Free Friday: Chargers defense rebounds as Herbert stuns Broncos
What looked to be a pretty clear path to a win was suddenly all gapped out by the Chargers

The Broncos came right out and punched the Chargers in the mouth. Three straight touchdowns to start the game with the normally weak Broncos run attack dominating the Chargers on the ground. The Marvin Mims near-touchdown demonstrated a lot of what was on display early:
The Chargers simply couldn’t keep outside leverage on this play and it cost them.
Man, Free: A Football Newsletter is a reader-supported publication. To receive new posts and support my work, consider becoming a free or paid subscriber.
Los Angeles did not fold — Justin Herbert was keeping them in the game early, and then Kris Abrams-Draine picked him for what at the time looked to be a momentum-shifter at the end of the half. Then the Broncos stalled out and created a “For the lovers of historical oddities” moment. There was a free kick field goal after a Broncos penalty to end the half. A successful one had not happened since the 1970s. Cameron Dicker stood up to the moment to cut the lead to eight at halftime.

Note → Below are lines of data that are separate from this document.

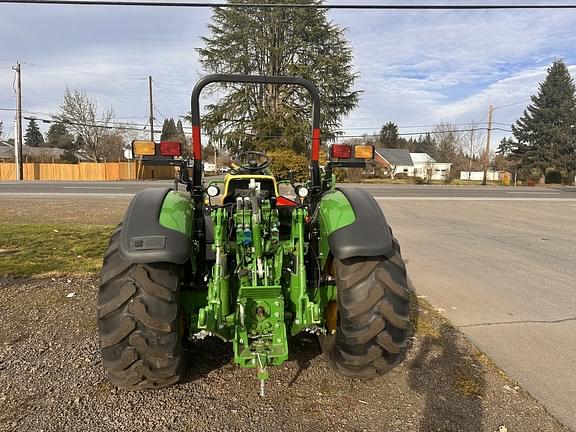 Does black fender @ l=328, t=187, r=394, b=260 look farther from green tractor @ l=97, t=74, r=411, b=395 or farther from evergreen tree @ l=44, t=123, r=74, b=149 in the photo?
evergreen tree @ l=44, t=123, r=74, b=149

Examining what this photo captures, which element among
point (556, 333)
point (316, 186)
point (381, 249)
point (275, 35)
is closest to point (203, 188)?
point (316, 186)

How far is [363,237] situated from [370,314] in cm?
51

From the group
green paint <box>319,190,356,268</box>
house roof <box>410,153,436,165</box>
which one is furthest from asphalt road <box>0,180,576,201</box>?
house roof <box>410,153,436,165</box>

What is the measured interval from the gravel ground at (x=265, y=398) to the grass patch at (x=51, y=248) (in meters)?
2.24

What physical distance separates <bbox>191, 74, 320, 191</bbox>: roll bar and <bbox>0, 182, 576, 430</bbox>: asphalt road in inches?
92.6

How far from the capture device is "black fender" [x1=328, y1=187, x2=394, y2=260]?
9.68 feet

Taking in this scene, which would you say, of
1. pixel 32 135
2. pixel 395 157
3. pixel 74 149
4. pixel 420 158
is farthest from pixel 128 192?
pixel 32 135

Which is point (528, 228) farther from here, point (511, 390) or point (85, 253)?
point (85, 253)

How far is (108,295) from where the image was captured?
285cm

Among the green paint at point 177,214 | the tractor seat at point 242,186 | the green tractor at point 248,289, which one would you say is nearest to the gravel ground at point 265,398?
the green tractor at point 248,289

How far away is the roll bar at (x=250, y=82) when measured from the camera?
361 cm

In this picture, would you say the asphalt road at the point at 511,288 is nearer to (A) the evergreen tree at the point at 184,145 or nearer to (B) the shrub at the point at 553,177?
(A) the evergreen tree at the point at 184,145

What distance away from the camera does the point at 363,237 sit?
3.00 m

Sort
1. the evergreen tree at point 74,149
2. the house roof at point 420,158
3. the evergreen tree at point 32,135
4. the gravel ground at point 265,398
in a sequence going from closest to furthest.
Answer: the gravel ground at point 265,398 → the evergreen tree at point 74,149 → the house roof at point 420,158 → the evergreen tree at point 32,135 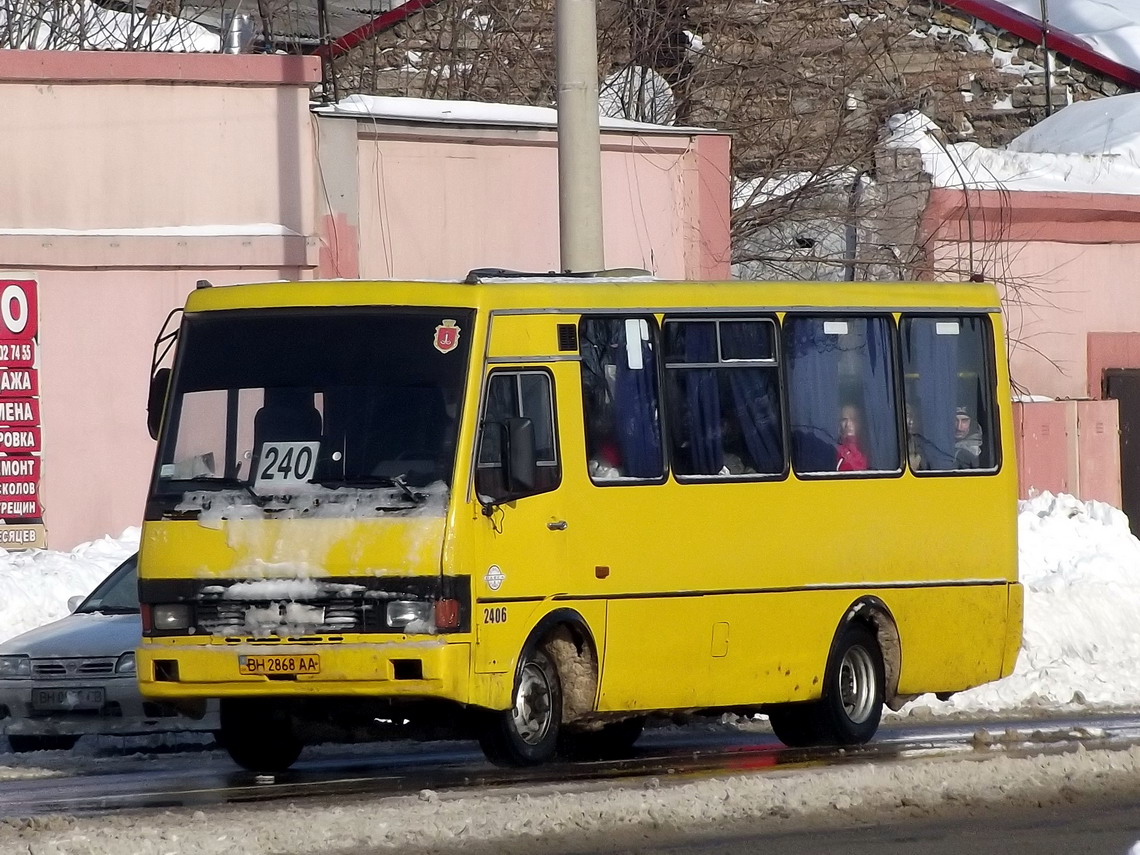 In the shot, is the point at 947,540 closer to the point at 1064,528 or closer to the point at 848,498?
the point at 848,498

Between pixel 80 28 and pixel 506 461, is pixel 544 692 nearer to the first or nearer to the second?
pixel 506 461

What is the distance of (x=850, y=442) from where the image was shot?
12688mm

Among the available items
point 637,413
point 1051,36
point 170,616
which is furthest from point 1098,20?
point 170,616

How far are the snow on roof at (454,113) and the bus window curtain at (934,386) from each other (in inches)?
265

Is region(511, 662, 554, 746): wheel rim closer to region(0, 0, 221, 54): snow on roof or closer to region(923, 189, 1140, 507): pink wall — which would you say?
region(923, 189, 1140, 507): pink wall

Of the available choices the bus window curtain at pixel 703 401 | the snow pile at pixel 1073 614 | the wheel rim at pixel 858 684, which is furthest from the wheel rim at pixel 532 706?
the snow pile at pixel 1073 614

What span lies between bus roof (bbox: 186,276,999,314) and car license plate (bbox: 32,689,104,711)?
9.36ft

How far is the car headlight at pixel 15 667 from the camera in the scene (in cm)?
1291

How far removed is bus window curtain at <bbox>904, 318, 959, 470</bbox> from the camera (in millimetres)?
13125

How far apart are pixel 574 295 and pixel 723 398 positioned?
1247mm

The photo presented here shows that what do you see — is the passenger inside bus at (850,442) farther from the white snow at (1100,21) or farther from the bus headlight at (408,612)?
the white snow at (1100,21)

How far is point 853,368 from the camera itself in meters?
12.8

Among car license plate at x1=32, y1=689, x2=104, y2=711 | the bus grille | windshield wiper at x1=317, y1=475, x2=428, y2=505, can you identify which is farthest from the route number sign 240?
car license plate at x1=32, y1=689, x2=104, y2=711

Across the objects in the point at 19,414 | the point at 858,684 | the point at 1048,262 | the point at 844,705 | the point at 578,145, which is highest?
the point at 578,145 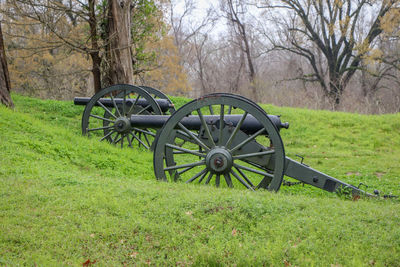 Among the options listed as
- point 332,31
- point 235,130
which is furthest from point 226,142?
point 332,31

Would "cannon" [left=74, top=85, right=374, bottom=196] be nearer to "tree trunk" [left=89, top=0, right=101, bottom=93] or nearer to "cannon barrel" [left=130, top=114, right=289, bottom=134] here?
"cannon barrel" [left=130, top=114, right=289, bottom=134]

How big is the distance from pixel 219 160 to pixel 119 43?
28.7ft

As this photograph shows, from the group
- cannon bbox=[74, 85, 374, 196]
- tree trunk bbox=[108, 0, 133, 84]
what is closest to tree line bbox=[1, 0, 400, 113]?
tree trunk bbox=[108, 0, 133, 84]

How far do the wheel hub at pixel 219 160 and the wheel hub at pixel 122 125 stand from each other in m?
4.11

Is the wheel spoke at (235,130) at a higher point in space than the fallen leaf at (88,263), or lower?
higher

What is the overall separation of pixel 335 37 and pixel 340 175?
867 inches

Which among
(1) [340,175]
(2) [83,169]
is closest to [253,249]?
(2) [83,169]

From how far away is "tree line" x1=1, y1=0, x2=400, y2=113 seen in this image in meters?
13.1

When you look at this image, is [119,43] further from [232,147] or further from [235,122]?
[232,147]

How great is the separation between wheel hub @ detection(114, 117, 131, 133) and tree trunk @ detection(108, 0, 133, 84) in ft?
13.3

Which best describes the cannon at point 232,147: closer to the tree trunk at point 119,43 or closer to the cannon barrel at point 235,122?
the cannon barrel at point 235,122

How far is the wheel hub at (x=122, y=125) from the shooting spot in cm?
888

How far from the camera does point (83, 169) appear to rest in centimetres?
702

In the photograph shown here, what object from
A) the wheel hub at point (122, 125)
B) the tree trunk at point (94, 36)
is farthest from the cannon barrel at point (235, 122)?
the tree trunk at point (94, 36) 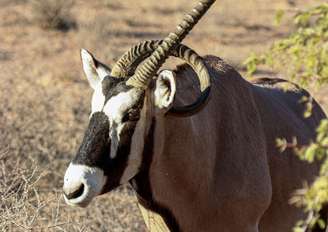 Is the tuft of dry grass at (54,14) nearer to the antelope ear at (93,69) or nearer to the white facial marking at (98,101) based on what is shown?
the antelope ear at (93,69)

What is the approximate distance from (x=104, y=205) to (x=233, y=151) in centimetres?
425

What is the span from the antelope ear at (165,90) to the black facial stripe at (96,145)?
1.24ft

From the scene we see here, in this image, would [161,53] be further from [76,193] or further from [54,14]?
[54,14]

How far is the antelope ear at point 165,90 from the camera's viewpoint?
597cm

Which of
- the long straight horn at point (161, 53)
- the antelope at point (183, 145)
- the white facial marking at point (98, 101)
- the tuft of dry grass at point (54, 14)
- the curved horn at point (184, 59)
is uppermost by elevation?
the long straight horn at point (161, 53)

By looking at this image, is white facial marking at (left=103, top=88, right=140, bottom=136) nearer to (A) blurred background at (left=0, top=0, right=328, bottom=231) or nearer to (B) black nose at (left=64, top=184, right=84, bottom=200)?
(B) black nose at (left=64, top=184, right=84, bottom=200)

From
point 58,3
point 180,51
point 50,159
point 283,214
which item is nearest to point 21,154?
point 50,159

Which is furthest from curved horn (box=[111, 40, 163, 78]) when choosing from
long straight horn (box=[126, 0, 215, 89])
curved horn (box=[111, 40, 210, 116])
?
long straight horn (box=[126, 0, 215, 89])

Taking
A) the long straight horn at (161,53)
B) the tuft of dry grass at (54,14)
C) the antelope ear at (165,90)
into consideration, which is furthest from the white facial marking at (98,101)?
the tuft of dry grass at (54,14)

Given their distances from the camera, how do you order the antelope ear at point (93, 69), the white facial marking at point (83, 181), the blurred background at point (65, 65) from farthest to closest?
the blurred background at point (65, 65) → the antelope ear at point (93, 69) → the white facial marking at point (83, 181)

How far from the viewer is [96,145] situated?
19.1 feet

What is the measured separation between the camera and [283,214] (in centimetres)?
764

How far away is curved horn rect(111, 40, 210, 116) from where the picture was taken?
617 centimetres

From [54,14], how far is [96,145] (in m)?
15.2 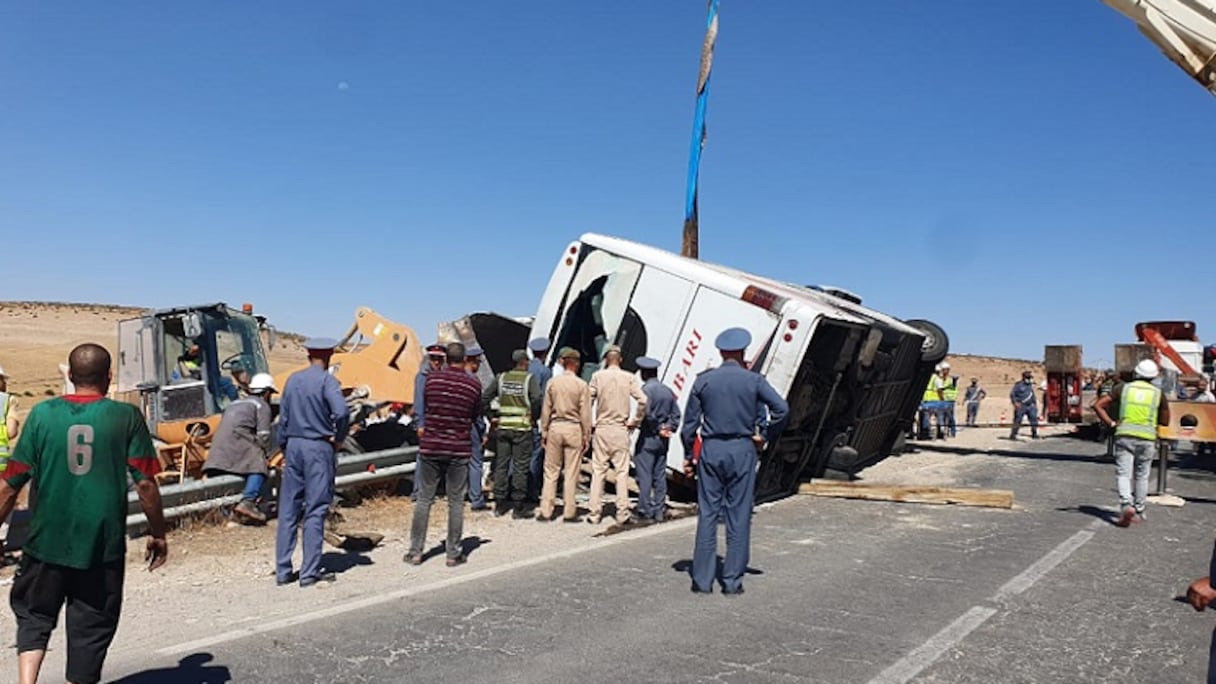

The Broncos ended the third quarter with one positive rush, an Audric Estime run at the very start of the half. And once the Chargers started shutting that down and getting more pressure on Bo Nix, it was harder for the Nix scheme to stay together. Nix was barely pressured at all in the first half, taking only one Joey Bosa sack. (Hilariously it came after Herbstreit and Michaels dogged him for the better part of five minutes for playing hurt and looking like it.) Chargers DC Jesse Minter started dialing up big plays, getting the run gaps stuffed, and Nix shrunk in the spotlight.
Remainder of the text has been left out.